An ongoing challenge for many dentists is staffing. How to find them; what to do to retain them; how to make them an integral part of the practice? There is a long-term labor crisis brewing. The Kiplinger Letter reports that over this decade, the labor force will increase by about 12 % while the number of jobs, including seasonal, part-time, and second jobs, will grow 15%. Likely to be in short supply: dental employees of all types.

Dental office receptionist new patientsMy dental clients all over the country are frustrated by a double threat:

  1. A lack of employees. It is getting harder and harder to find applicants for many of their open positions.
  2. There is a skilled-worker shortage. Dentists are even more challenged to find candidates with acceptable qualifications.

Therefore, it is even more critical to create a hiring plan that will increase your chances of hiring the “right” people and then retain them.

The following 5 Tips will help you inspire employees who must work harder to woo new business to your practice plus do the work once handled by larger staffs.

1. Embrace the philosophy: “If I take care of my employees, they will take care of my patients.” This doesn’t mean you have to go overboard or be some snively, touchy-type person that you aren’t. You simply need to take care of them so that they feel valued and appreciated. When they feel special, they will treat your customer in the same way. Read the book The Customer Comes Second by Hal Rosenbluth to learn this technique. He grosses over 2 billion taking care of his people.

2. View your employees as an asset and not a liability as they appear on your Income Statement. Successful businesses behave in a way that demonstrates that they believe their people are their most important asset. Remember they represent you in all facets of the business. They are the ones your patients will be dealing with, both when you are present and not. How do you treat your other investments? With care, skill, and judgment? Do the same with and for your team.

3. Don’t wait until it’s a CRISIS. Like my brother, Dr. Scott says, “I never think about this hiring stuff until someone quits or I have to fire them. Then it’s a crisis because I don’t know where to begin.” Stop taking the hiring process lightly. Put a simple plan in place in advance. At least have ads for each position pre-written; keep your compensation package updated; have a list of general open-ended questions written up in advance; and be prepared to screen applicants initially by phone. If you wait until you are desperate for help, you will lower your hiring standards and subsequently the quality of your team.
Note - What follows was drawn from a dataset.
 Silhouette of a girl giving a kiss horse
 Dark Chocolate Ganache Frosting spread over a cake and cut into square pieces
4. Know what you’re looking for. Create an “Ideal Employee Profile.” Not a physical description…rather a list of the qualities, characteristics, and traits you are looking for in your employees. Some examples might include: communicates well; detail oriented; prompt; collaborates; willing to go the extra mile; or positive in time of crisis. By compiling this list it will help you know if and when this person is sitting in front of you. Create your profile and share with your current team and your patients asking them to help you find this person.
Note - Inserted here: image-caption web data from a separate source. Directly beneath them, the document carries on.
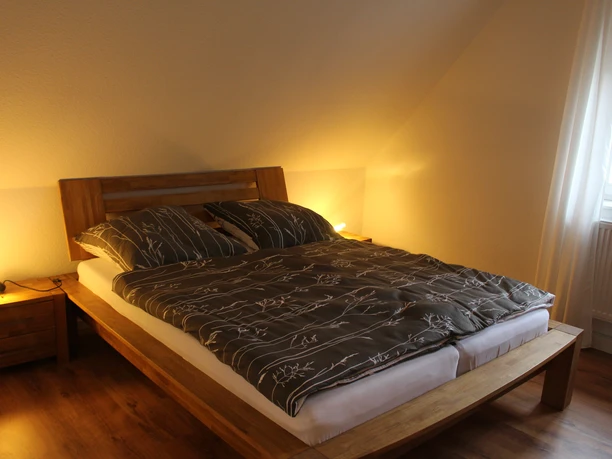 IMG_1191.JPG Schlafzimmer mit einem großen Doppelbett aus Holz, Parkettboden und sanfter Beleuchtung.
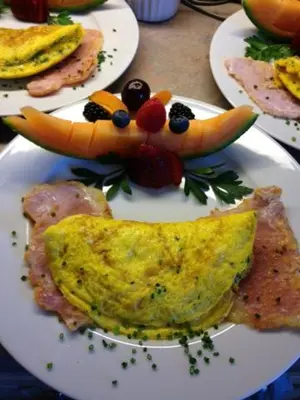 a plate of food with a face made out of food at Casa Blanca Boutique Bed & Breakfast in Niagara on the Lake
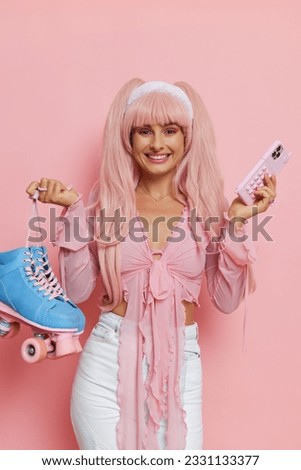 Barbie style girl wearing pink shirt and pink wig with long hair, posing with smile on pink backdrop, holding phone and roller-skates, vintage fashion concept, copy space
5. Share your values. Let all new prospects know what your Core Values are and how you apply them to your practice and the treatment of your team. These governing principals provide the direction to all the members of your team, including you, on how to behave and interact in your practice. People are looking for direction, safety, and a sense of what’s right in the workplace. Your values provide this beacon and you need to look for people who have the same sense of values.

How you treat employees, your best and most expensive asset, will set the tone for their satisfaction and the success of your business.

Take the steps listed above to create your plan and mindset for that time when you least expect it…when you need to hire a new member of your dental family. Set a time line of 30 days, involve your current team, and finalize at one of your monthly staff meetings. You will then have a much better chance of hiring RIGHT.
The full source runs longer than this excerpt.